Ketika seorang laki-laki datang meminang, ada beberapa hal yang perlu dipertimbangkan oleh seorang ayah.



Memperhatikan Agama

Pernah, ada orang bertanya kepada Al-Hasan r.a. mengenai calon suami putrinya. Kemudian Al-Hasan r.a. menjawab, “Kamu harus memilih calon suami (putrimu) yang taat beragama. Sebab, jika dia mencintai putrimu, dia akan memuliakannya. Dan jika dia kurang menyukai (memarahinya), dia tidak akan menghinakannya.”

Dalam sebuah hadis yang sangat terkenal, Rasulullah bersabda:
“Jika datang kepada kalian (hai calon mertua) orang yang kalian sukai (ketaatan) agamanya dan akhlaknya, maka nikahkanlah dia (dengan putrimu). Sebab, jika kamu sekalian tidak melakukannya, akan lahir fitnah (bencana) dan akan berkembang kehancuran yang besar di muka bumi.”
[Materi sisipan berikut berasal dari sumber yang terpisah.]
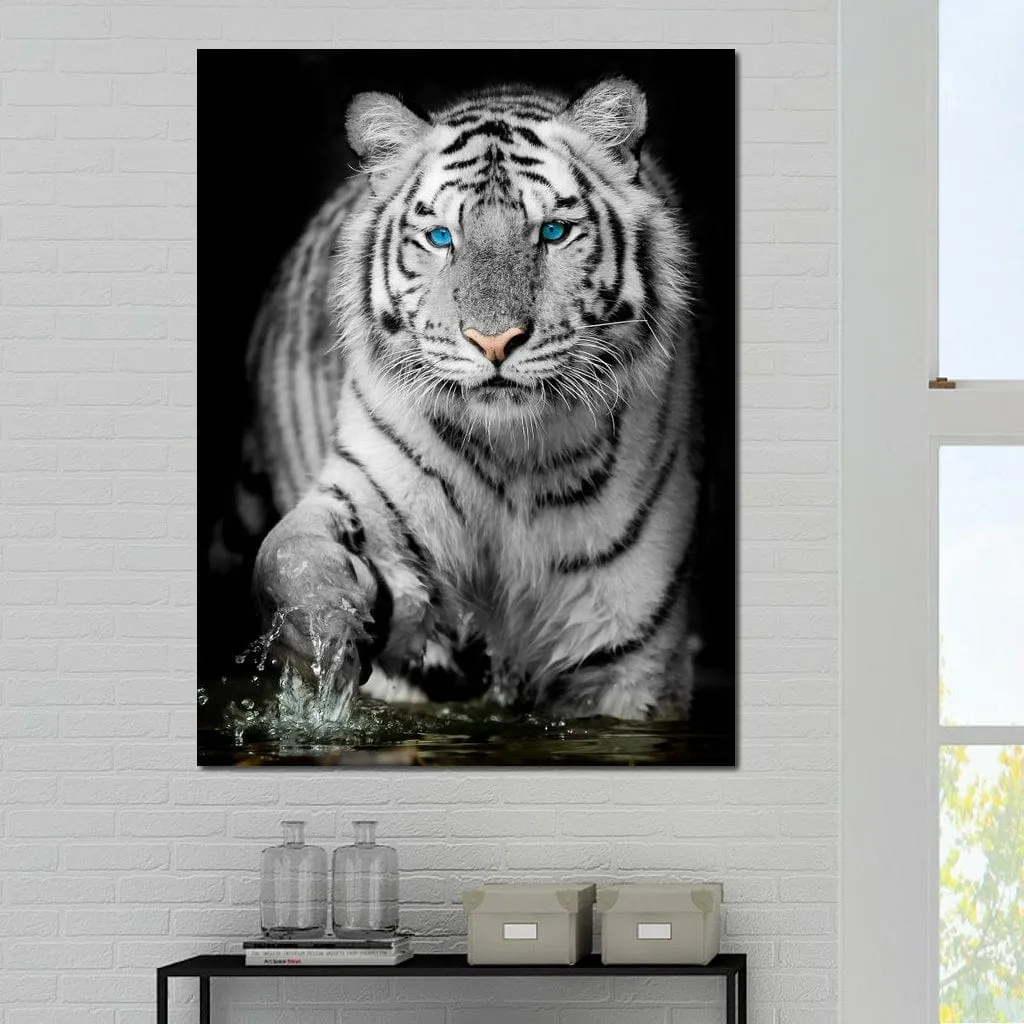 Blue Eyed Snow Tiger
Kemudian ada yang bertanya,

“Wahai Rasulullah, bagaimana jika orang (pemuda) itu mempunyai (cacat atau kekurangan-kekurangan)?”
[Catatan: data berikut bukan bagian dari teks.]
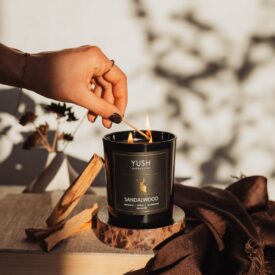 Sandalwood - świeca sojowa drzewo sandałowe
Maka, Rasulullah Saw. menjawab, (mengulangnya tiga kali)

“Jika datang kepada kalian orang yang bagus agama dan akhlaknya, maka nikahkanlah dia (dengan putrimu)! (HR Imam Tirmidzi dari Abu Hatim Al- Mazni).
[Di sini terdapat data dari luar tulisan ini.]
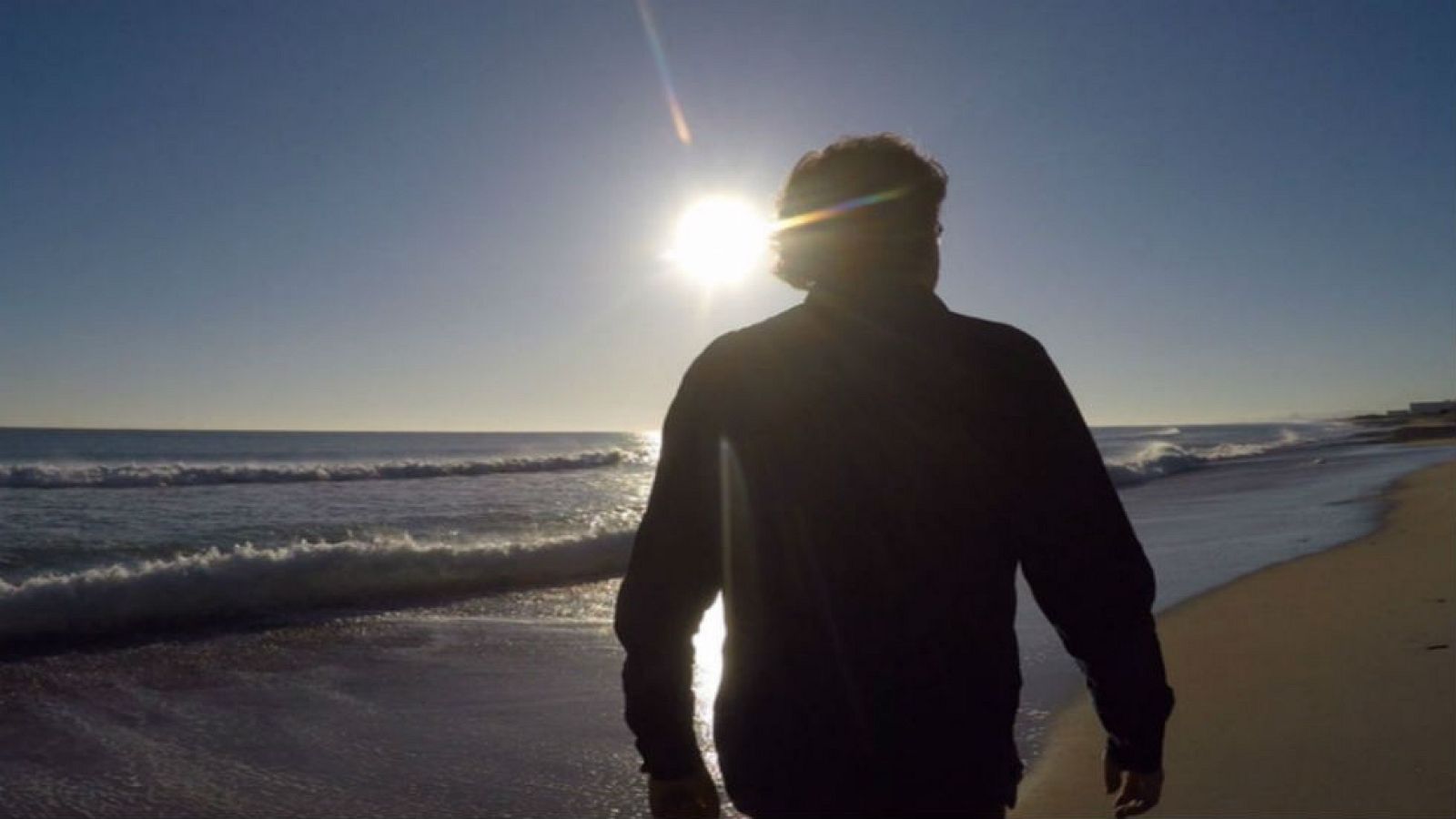 El Saler, arena y vida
Pada hadis ini --sampai-sampai Rasulullah Saw. mengulang jawaban tiga kali-- seorang ayah diperingatkan agar memperhatikan orang yang beragama dan berakhlak bagus. Akhlak yang bagus adalah sebagian tanda-tanda bagusnya agama seseorang. Tanda  ini  lebih  kuat  daripada  tanda  lainnya,  misal  pengetahuan  agama  dan lingkungan. Dua  hal  yang  disebut  terakhir  ini  menjadi pertimbangan pendukung mengenai agama dan akhlak orang yang berniat menjadi suami putri Anda.

Seorang ayah bisa mencari pengetahuan mengenai laki-laki yang meminang anak gadisnya dengan seksama sebelum mengambil keputusan. Antara lain, ia dapat menanyai orang yang dekat dengan calon menantunya. Ia juga bisa menanyakan kepada orang-orang yang dapat dipercaya (tsiqah).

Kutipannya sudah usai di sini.